Everyone has an opinion. And thanks to the Internet, everyone’s opinion can now be heard in form of online reviews that can remain online indefinitely. And while Yelp and Yahoo! aren’t websites to ignore, poor Google ratings can do your funeral home permanent damage. If your funeral home receives a less-than-flattering Google review, here are a few things you can do.
1. If your business received a review that you don’t agree with, attempt to reconcile the situation with the customer. Google says, “We know a negative review can be frustrating, but we believe that engaging with a customer to address his or her concerns creates the best environment on Google Places.”
You can call the family and say that you noticed the review and wanted to make sure they were completely satisfied with your services. If that conversation goes well, you can ask them to change or delete their rating. FYI, reviews can only be deleted from Google Maps.
2. If they won’t take your calls or emails, as a verified Google Places business owner (this means you have a Google account and have claimed and verified your funeral home on Google Places) you can publicly respond to reviews posted directly on Google in the reviews section on the Places Page. By responding online, other readers will see that you are at least attempting to reach out to the reviewer and make things ‘right.’
3. You can use the Flag as inappropriate link next to a review to report it as inappropriate. Google will then check to see if the review violates their guidelines. To protect both business owners and customers, Google has systems in place that may remove reviews that include any of the following:
Note, however, that Google Places reviews are a forum for users to share both positive and negative opinions. Google doesn’t arbitrate disputes and more often than not, they admit they leave reviews up.

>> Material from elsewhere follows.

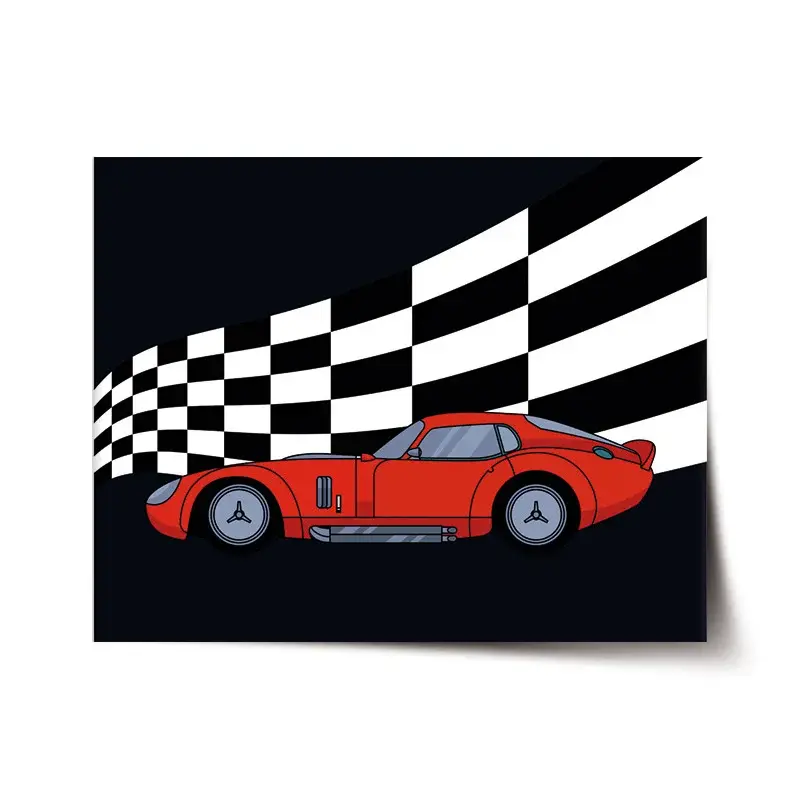 Plakát Závodní auto - 90x60 cm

4. If you can’t reconcile the situation or remove the review, your best option (and one you should be focusing on anyway) is getting positive reviews to counter the unfavorable one. If you can get families to post a positive review soon after the negative review, it helps readers understand this could be an isolated incident or one person’s perspective. A string of unfavorable reviews … well, that’s another story.
You won’t know about the bad reviews unless you are monitoring your Google account. Ask someone in your firm to check reviews on a weekly, if not daily, basis as Google does not currently send out notifications to business owners when a review is added. It is as easy as pulling up your funeral home name in Google Maps.